Ok, so kinky sex incoming. I don't know if it needs a trigger warning, because it's consensual, but bondage and rough sex warning, I guess. Nothing too crazy. Also knotting.

You're welcome... ? ;-) *****

CAIN—

Dasan slammed his hand on the wood of the table between us, his face furious as he leaned forward. "That's bullshit, and you know it. The Emperor is in love with you, you stupid boy!"

"I made a vow—" I began, only to be cut off by Dasan's other palm slamming down on the tabletop beside the first.

"—Fuck your vow, you coward! That man tried to break you, and you're fuckin' letting him! You may as well have died that day. Fuck it, we should've left ya to die! Because what you're doing? It's not living. This— this day to day, keeping your head down, your heart closed, not even letting people touch you for fear of feeling it? That's not living, boy. Get your head out of your ass, find that man, and beg him to take your sorry ass.
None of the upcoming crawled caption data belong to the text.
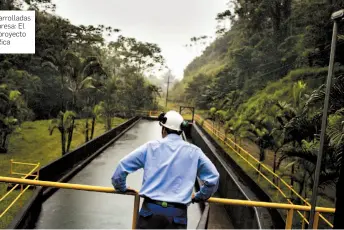  ??  ?? Obras desarrolla­das por la empresa: El Canada y proyecto en Costa Rica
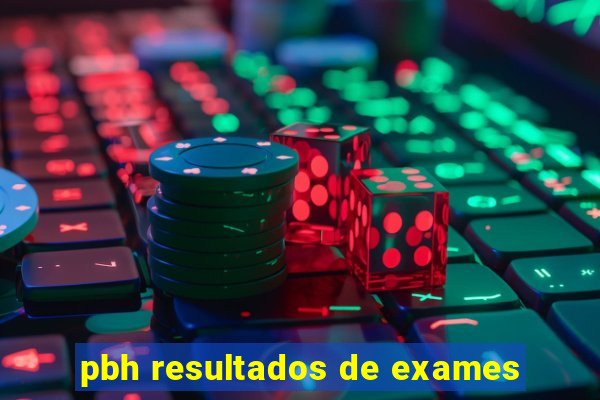 pbh resultados de exames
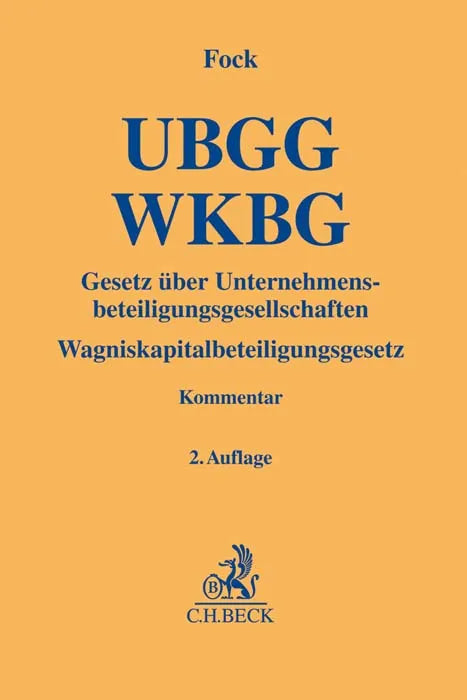 Buchcover von 'Gesetz über Unternehmensbeteiligungsgesellschaften, Wagniskapitalbeteiligungsgesetz. UBGG - WKBG' - Gebundene Ausgabe von Till Fock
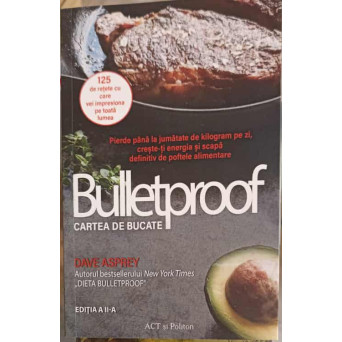 BULLETPROOF, CARTEA DE BUCATE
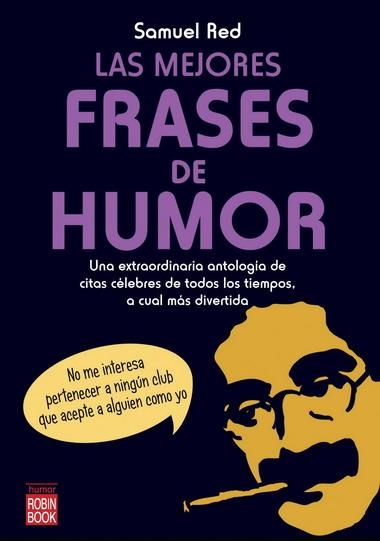 MEJORES FRASES DE HUMOR, LAS | 9788499170992 | RED, SAMUEL | Librería Castillón - Comprar libros online Aragón, Barbastro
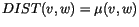 $DIST(v,w) = \mu(v,w)$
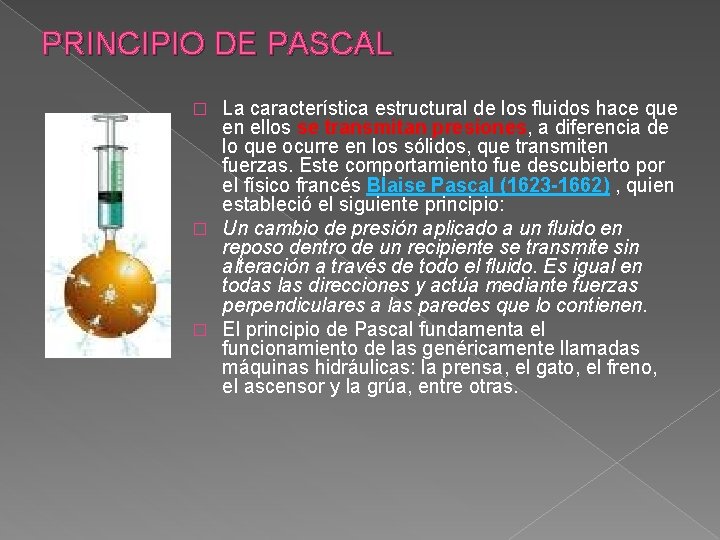 PRINCIPIO DE PASCAL La característica estructural de los fluidos hace que en ellos se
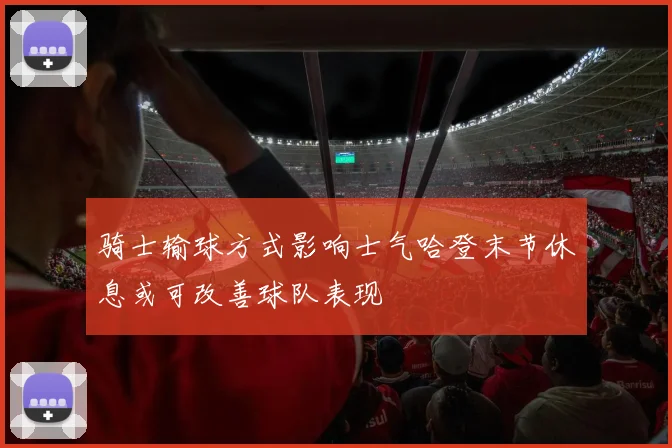 骑士输球方式影响士气哈登末节休息或可改善球队表现
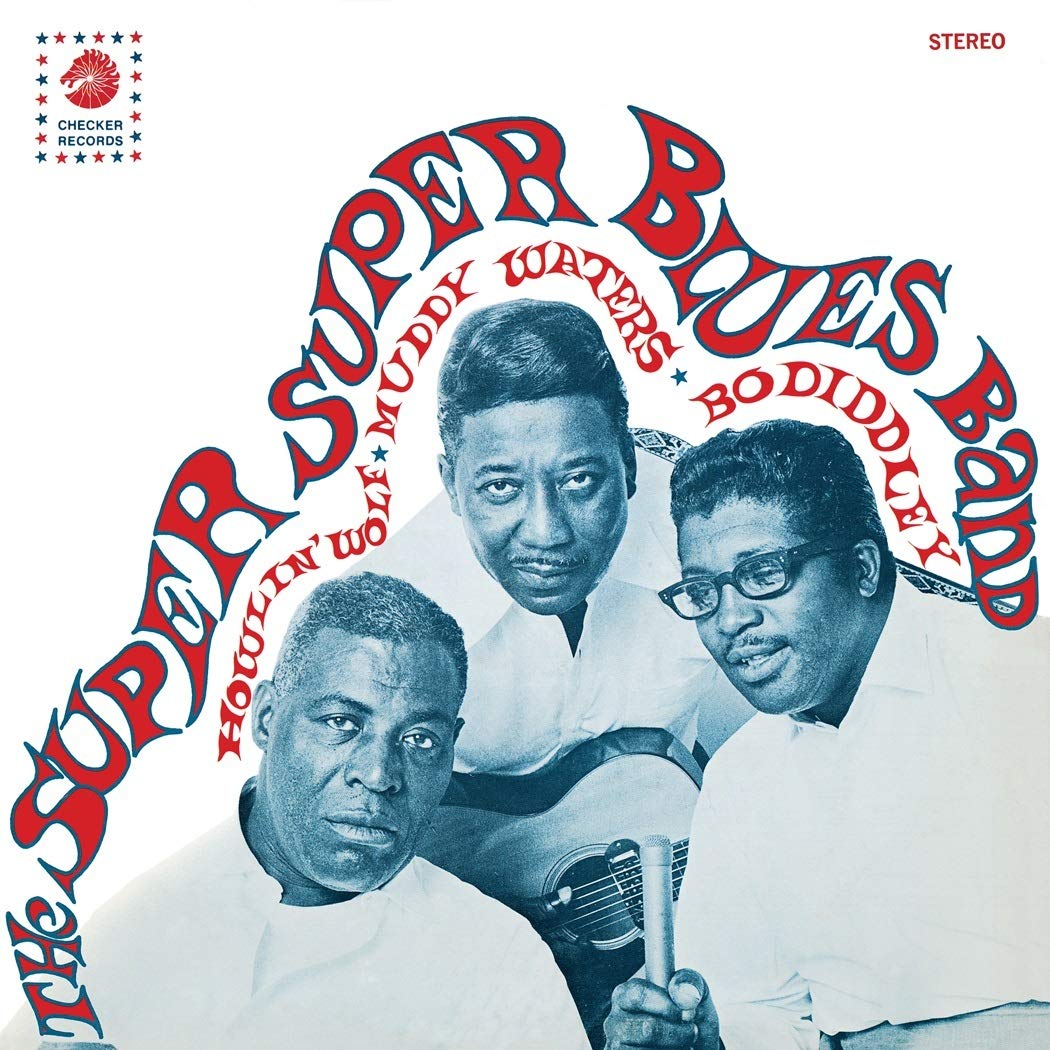 Howlin' Wolf, Muddy Waters, Bo Diddley - The Super Super Blues Band Vinyl LP album cover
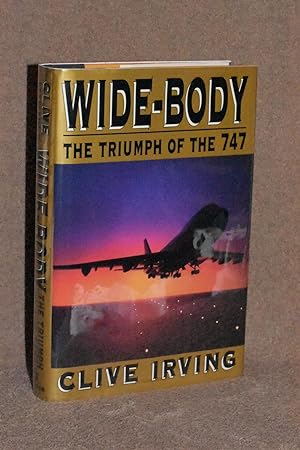 Wide-Body; The Triumph of the 747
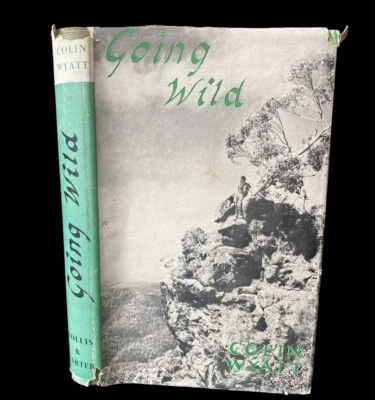 Going Wild The Autobiography Of A Bug Hunter 1955 Colin Wyatt HC DJ Illustrated Foto 1 de 4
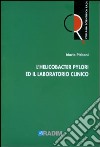 L'helicobacter pylori e il laboratorio clinico libro di Plebani Mario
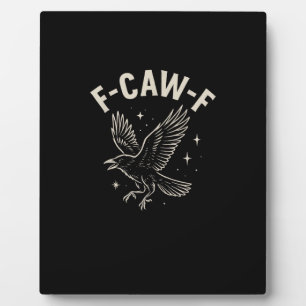 Crow F-Caw-F Funny Bird Moon Gothic Adult Humor Cr Plaque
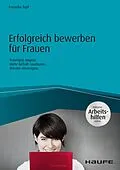 E-Book (pdf) Erfolgreich bewerben für Frauen - inkl. Arbeitshilfen online von Cornelia Topf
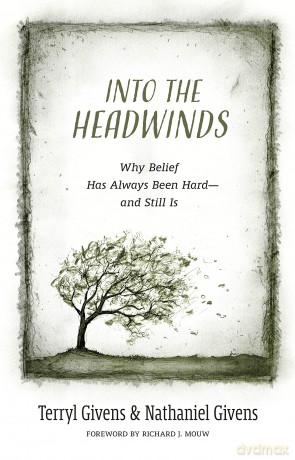 Into The Headwinds - Terryl Givens [KSIĄŻKA]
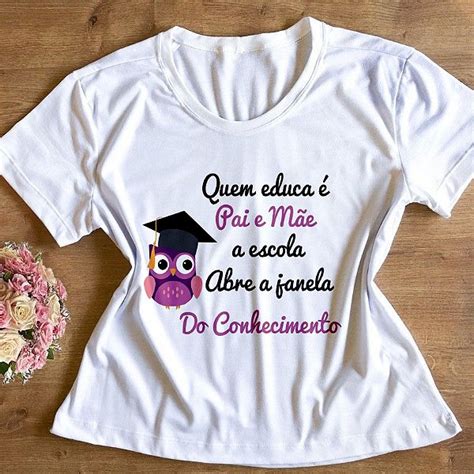 T Shirt Professora Quem educa é pais e mãe Linda Estampa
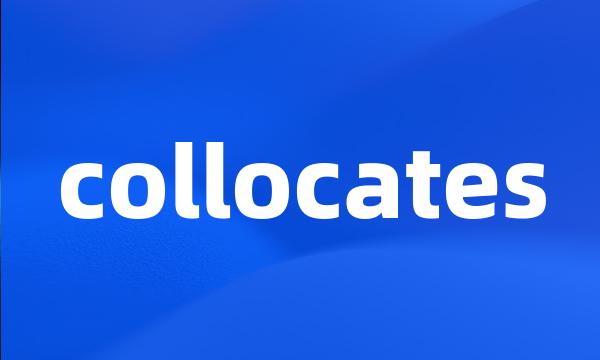 collocates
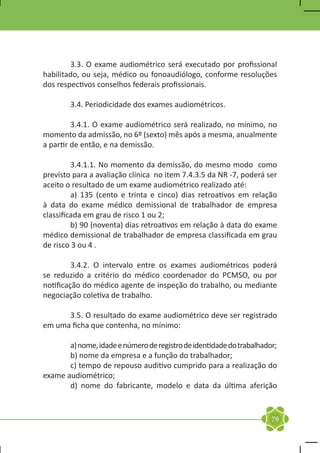 3.3. O exame audiométrico será executado por profissional
habilitado, ou seja, médico ou fonoaudiólogo, conforme resoluções
dos respectivos conselhos federais profissionais.

	       3.4. Periodicidade dos exames audiométricos.

	        3.4.1. O exame audiométrico será realizado, no mínimo, no
momento da admissão, no 6º (sexto) mês após a mesma, anualmente
a partir de então, e na demissão.

	        3.4.1.1. No momento da demissão, do mesmo modo como
previsto para a avaliação clínica no item 7.4.3.5 da NR -7, poderá ser
aceito o resultado de um exame audiométrico realizado até:
	        a) 135 (cento e trinta e cinco) dias retroativos em relação
à data do exame médico demissional de trabalhador de empresa
classificada em grau de risco 1 ou 2;
	        b) 90 (noventa) dias retroativos em relação à data do exame
médico demissional de trabalhador de empresa classificada em grau
de risco 3 ou 4 .

	        3.4.2. O intervalo entre os exames audiométricos poderá
se reduzido a critério do médico coordenador do PCMSO, ou por
notificação do médico agente de inspeção do trabalho, ou mediante
negociação coletiva de trabalho.

	     3.5. O resultado do exame audiométrico deve ser registrado
em uma ficha que contenha, no mínimo:

	      a) nome, idade e número de registro de identidade do trabalhador;
	      b) nome da empresa e a função do trabalhador;
	      c) tempo de repouso auditivo cumprido para a realização do
exame audiométrico;
	      d) nome do fabricante, modelo e data da última aferição



                                                                      79
 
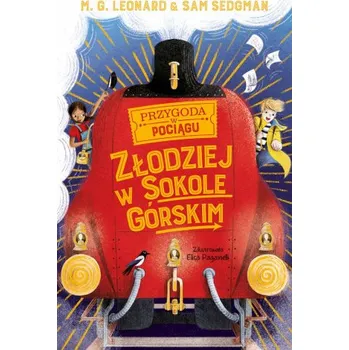 První čtění Złodziej w Sokole Górskim – M.G. Leonard,Sam Sedgman (PL)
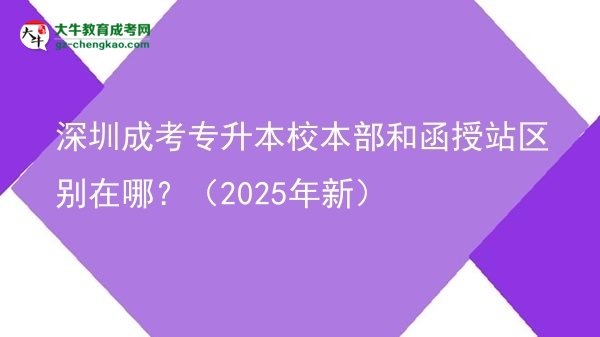 深圳成考專升本校本部和函授站區(qū)別在哪？（2025年新）圖片
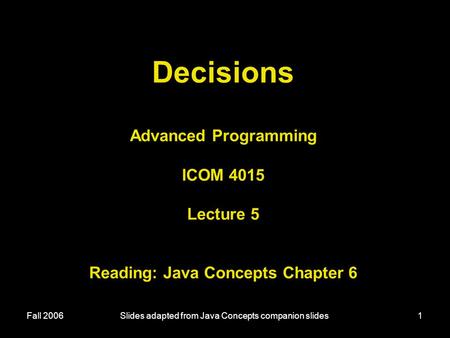 Fall 2006Slides adapted from Java Concepts companion slides1 Decisions Advanced Programming ICOM 4015 Lecture 5 Reading: Java Concepts Chapter 6.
Because the gods know you don't deserve whatever forgiveness that poor man will surely grant you for the months you've spent stomping on his heart for fear of what he'll do to yours."

I wanted to scoff, to turn away, deny Dasan's words, but as always, he was... right.

Gods, he was right.

I was a coward. I had been letting Kile win. Since I was barely old enough to be on my own, I had been letting him control my life.

How had I not seen it before? How had my own pain blinded me so wholly to the truth?

Before I even knew what I was doing, I was pushing out of the kitchen, past a startled Nibley whom I almost mowed down, and then I was running full speed down the keep halls.

Gods dammit, Dasan was right. No man would spend as much time trying to seduce someone if they only wanted to fuck them. It wasn't even probable. And despite the sane voice in my head that was screaming at me to slow down, think things through, remember the million other reasons I had turned Riece down so many times— protecting my own heart, my own sanity, my need to never feel that loss, that heartrending betrayal again, to never leave myself open and vulnerable to it. My own inadequacies when it came to being with a man like Riece. A man so far above me it was almost pathetic how I could possibly even consider myself worthy of him. But I didn't stop. I didn't think. I kept running, fighting my thoughts back as well as I could until I saw him.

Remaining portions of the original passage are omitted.